Não é a toa, não é por acaso. E, infelizmente, é menos perceptível do que deveria. Hoje o racismo faz parte da cultura de um povo. “Imperceptível, pois o conjunto de práticas institucionais e relações sociais, econômicas e políticas foi estruturado para que ocorra um privilegio de um grupo étnico em detrimento de outro. Está enraizado. Em pequenas expressões pejorativas e usualmente empregadas, por exemplo, se releva explicitamente. ‘Dia de branco’, ‘a coisa tá preta’, ‘lista negra’, ‘denegrir’ etc.”, ressalta Marcelo Válio.
Os caminhos para a conscientização
Os protestos recentes causaram uma comoção grande nas redes e diversas pessoas passaram a propor reflexões e análises sobre todo esse cenário. Mas será que esse é o caminho? “Vi muita gente postando que ‘não adianta nada apenas compartilhar a ideia’. De fato, o estudo é sempre o melhor caminho, para que possamos todos compreender que estas teorias e trabalhos científicos não são coisas tiradas da cartola ou, como se diz, “mimimi”. Há muita coisa séria sendo produzida em nosso país por pesquisadores de ponta e em conjunto com as universidades mais renomadas do mundo! Por outro lado, não podemos subestimar o valor do ‘só compartilhar’, pois isto ajuda, e muito, na conscientização coletiva”, avalia Dr Cássio.

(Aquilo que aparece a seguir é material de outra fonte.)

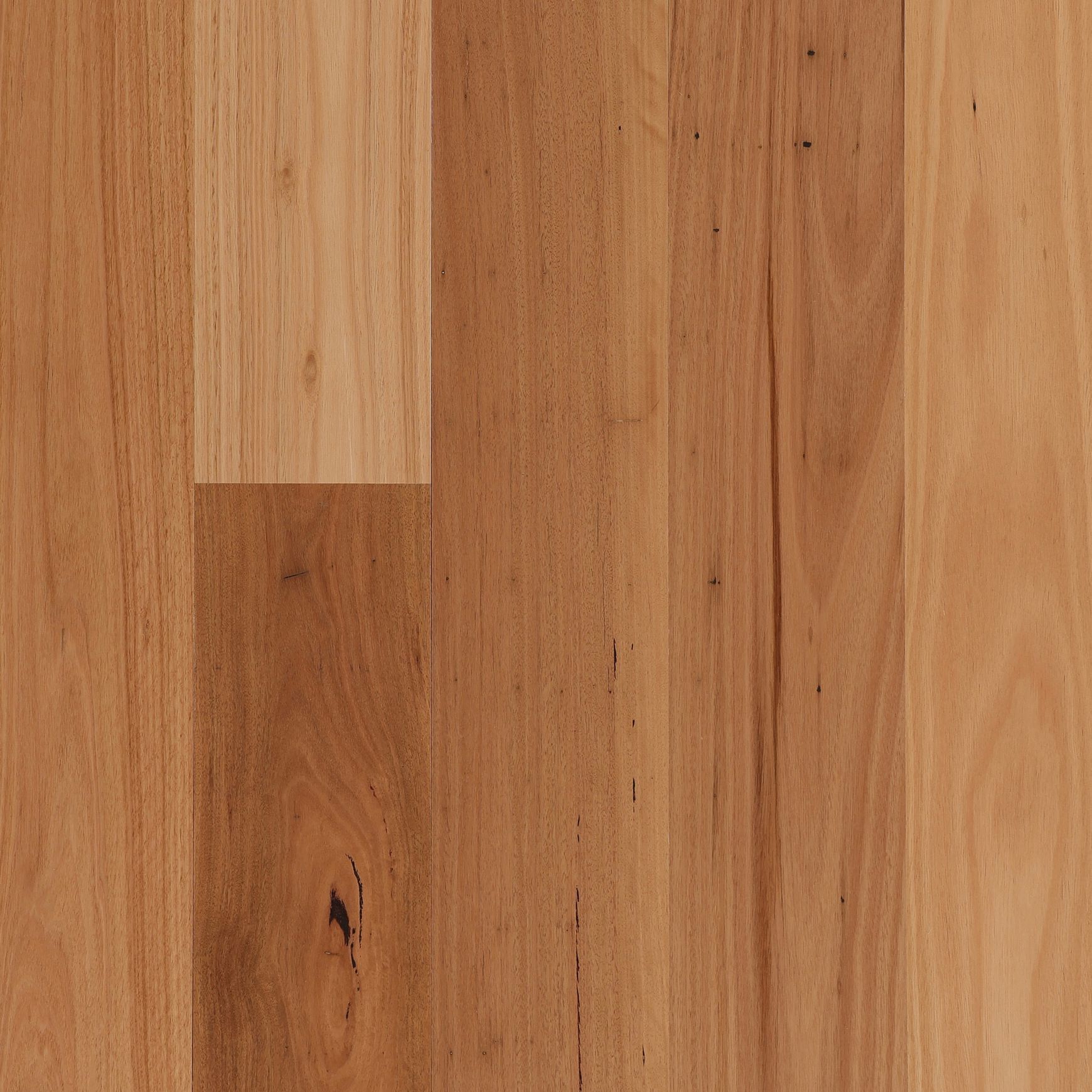 Pilarus | Aloura Collection
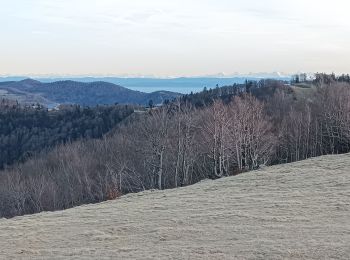 Trail Nordic walking Lepuix - Autour du Ballon d'Alsace - Photo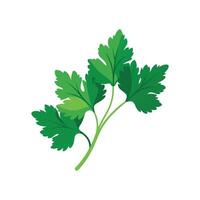 Lush Cilantro Enhancing Culinary Dishes vector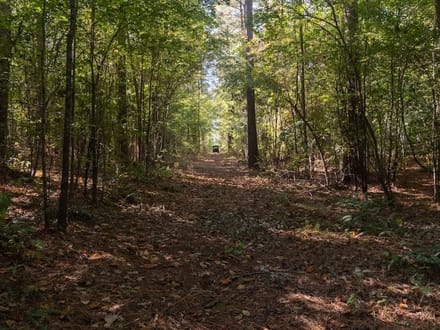 588.38± acres of Farmland, Timberland, & Recreational Land For Sale in Halifax County NC!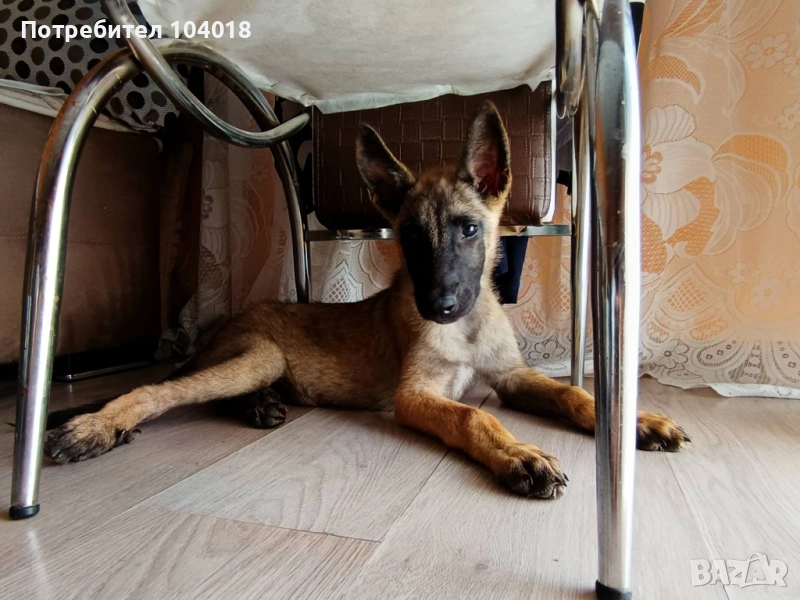 белгийски белгийска малиноа, снимка 1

Se não auxilia na elaboração de uma legislação mais inclusiva, essas manifestações virtuais ao menos podem ter o poder de fazer com que as pessoas parem por um minuto para repensar falas racistas, atitudes discriminatórias, ou mesmo o privilégio de poder sair na rua sem ter medo de ser abordado de maneira truculenta em uma ação policial.
“Vejo que tudo isso que vem ocorrendo é muito benéfico para expor o tema e conscientizar a todos que fazemos parte de uma sociedade cuja estrutura está baseada na discriminação racial. Isso faz entender que eu e você somos parte disso, ainda que tenhamos certeza de que não discriminamos (diretamente) ninguém. Aliás, este é o básico (não discriminar ninguém), mas o que mais você está fazendo para mudar esta estrutura, para mudar as regras de um jogo que coloca uma maioria esmagadora de brancos nos bancos de universidade, mesmo com as cotas?”, finaliza Dr Cássio.

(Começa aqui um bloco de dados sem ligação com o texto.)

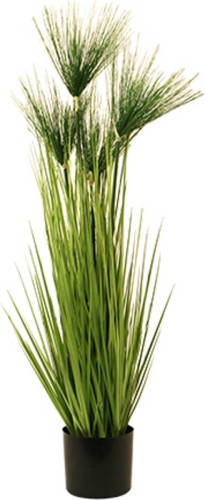 Warentuin Cycas Gras In Pot 100 Cm Groen Kunstplant Buitengewoon De Boet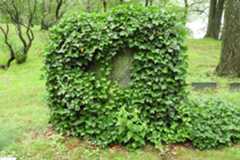 Larger memorial image loading...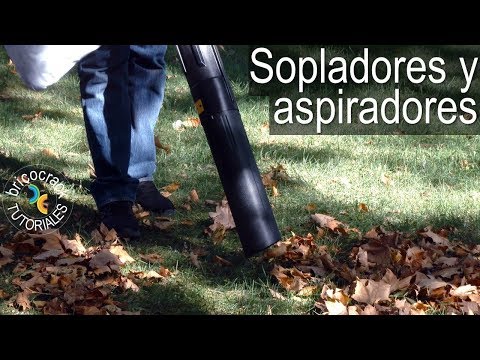 Video: Soplador de gasolina o aspirador de jardín. Características y consejos de selección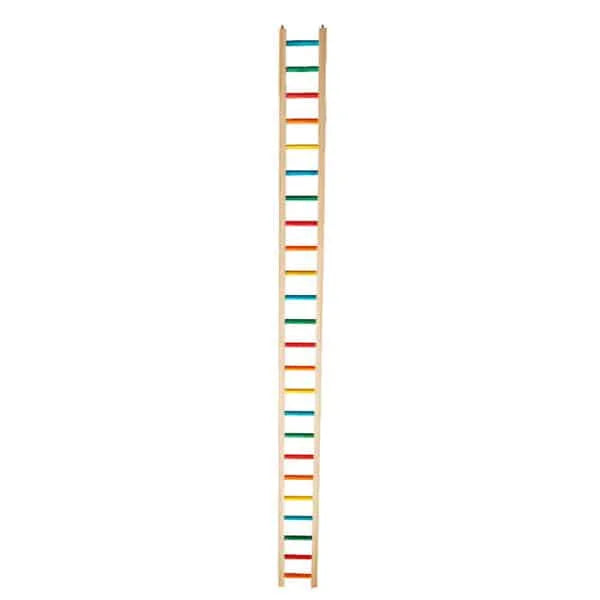 50" Medium Bird Ladders 00171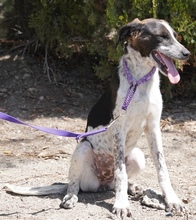 CAPRICE, Hund, Pointer in Zypern - Bild 5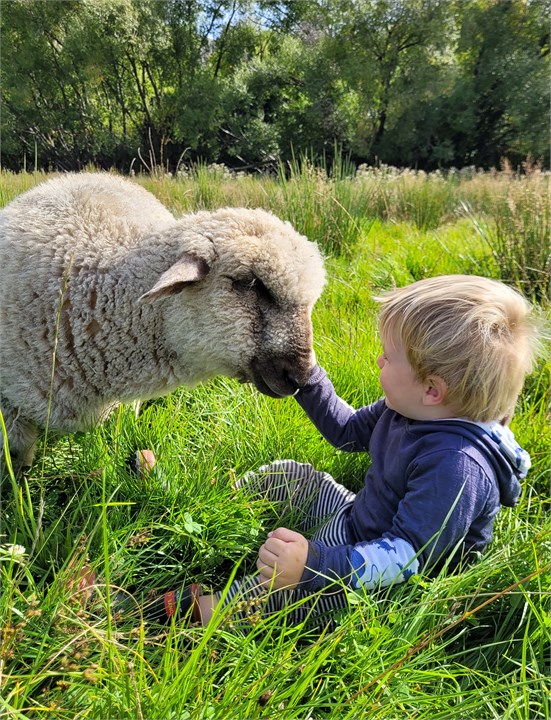 Pet sheep often in paddock next to Quarters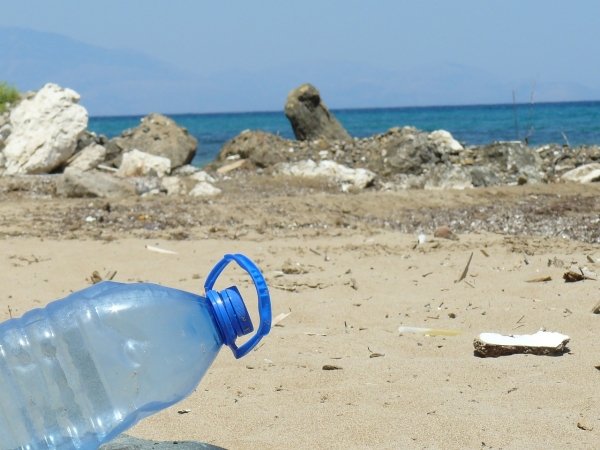 플라스틱이 해양 미생물에 나쁜 영향을 미친다. / Pixabay
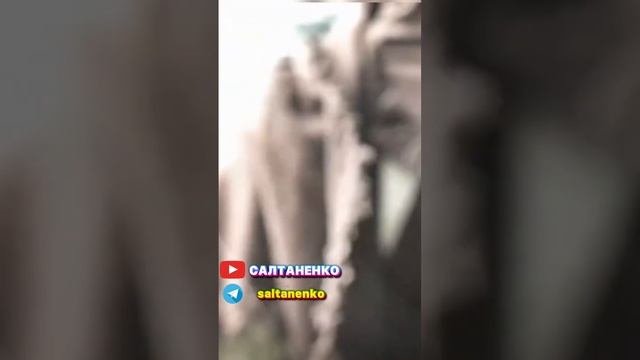 РОЖДЕНИЕ СВЫШЕ - главный шаг, чтобы избавиться от ОДЕРЖИМОСТИ. Изгнание дьявола! смотреть онлайн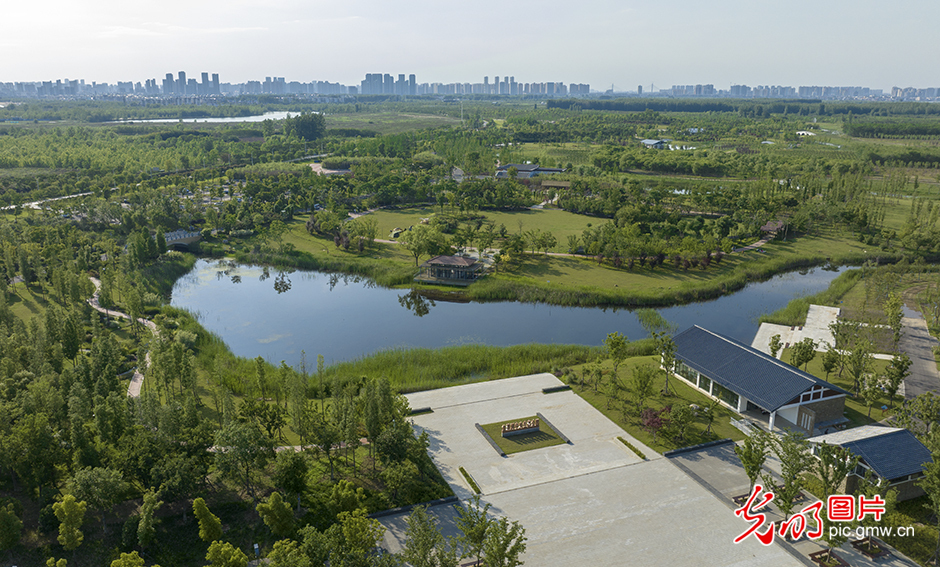 【绿水青山“瞰”中国】鱼梁洲中央生态公园：“江中荒洲”变身“城市绿心”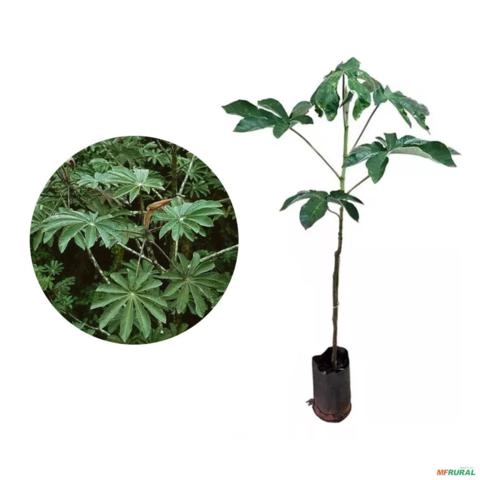 Muda de Embaúba Branca (Cecropia pachystachya) pronta para plantio 10cm a 40cm Imagem Muda de Embaúba Branca (Cecropia pachystachya) pronta para plantio 10cm a 40cm
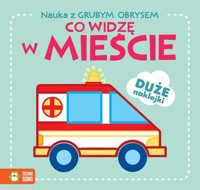 Nauka z grubym obrysem Co widzę w mieście -  - książka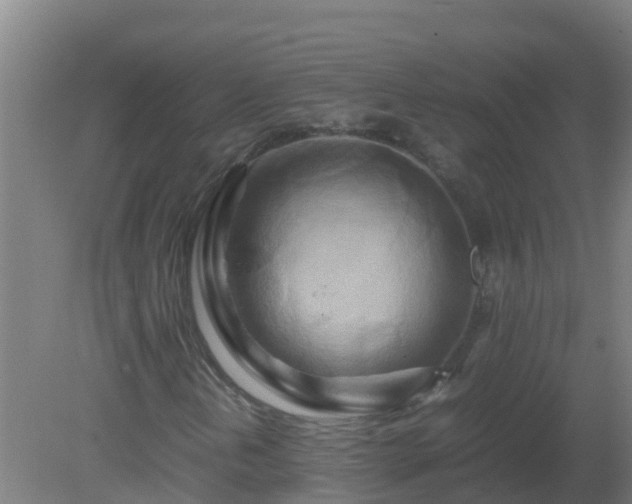 X0000080801202200612221546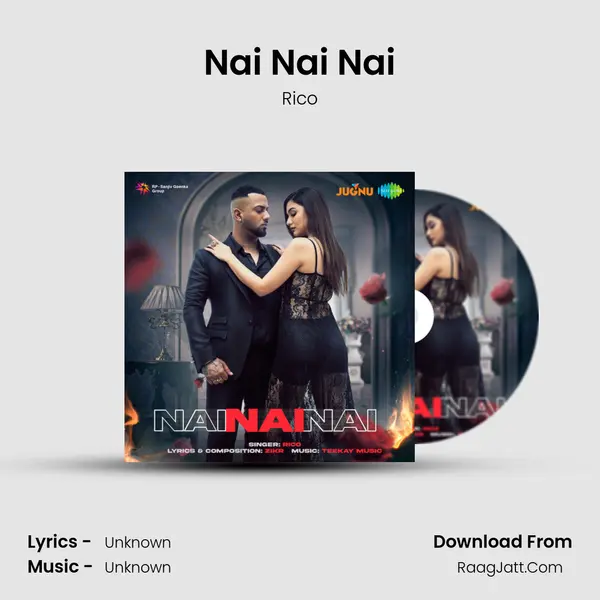 Nai Nai Nai Cover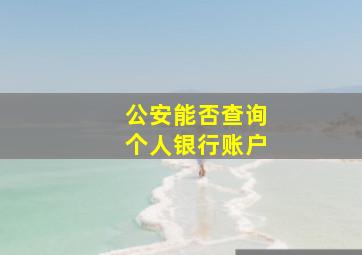 公安能否查询个人银行账户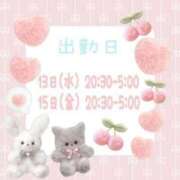 ヒメ日記 2025/02/04 23:08 投稿 舞白のん Mrs. Dandy Shinjuku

E se o racismo estrutural é uma forma de naturalização de pensamentos e situações que promovem a discriminação, como isso pode ser mudado? Além de protestos, leis, ações de combate, a educação, principalmente das crianças, é um dos caminhos mais efetivos. Mas como trabalhar esse tema nas escolas?
“É preciso trabalhar esse tema de forma lúdica. Entre as estratégias que podem ser utilizadas para estimular atitudes mais inclusivas e o respeito às diferenças existentes, destacam-se: brincadeiras, conversas, contação de histórias com bonecos, incorporando narrativas que tragam situações discriminatória, mostrando como devemos agir, bem como abordagem de temas onde os negros também possam ser colocados como protagonistas”, explica o professor Sandro Caldeira.
Ele explica ainda que esse trabalho deve ser feito da Educação Infantil à Superior e que a escola deve ser a base dessa formação, sobretudo quando a família não fornece essa base. Além de manter um diálogo sempre aberto entre colégio, estudante e família, para que os pais tomem conhecimento em casos em que os jovens apresentam algum tipo de comportamento discriminatório. “Devemos chamar os pais para que tomem conhecimento e participem de uma nova modelagem da educação de seus filhos. Em casos mais graves, deve a Escola buscar apoio do Conselho tutelar para que medidas de proteção prevista na legislação possam ser acionadas”, complementa.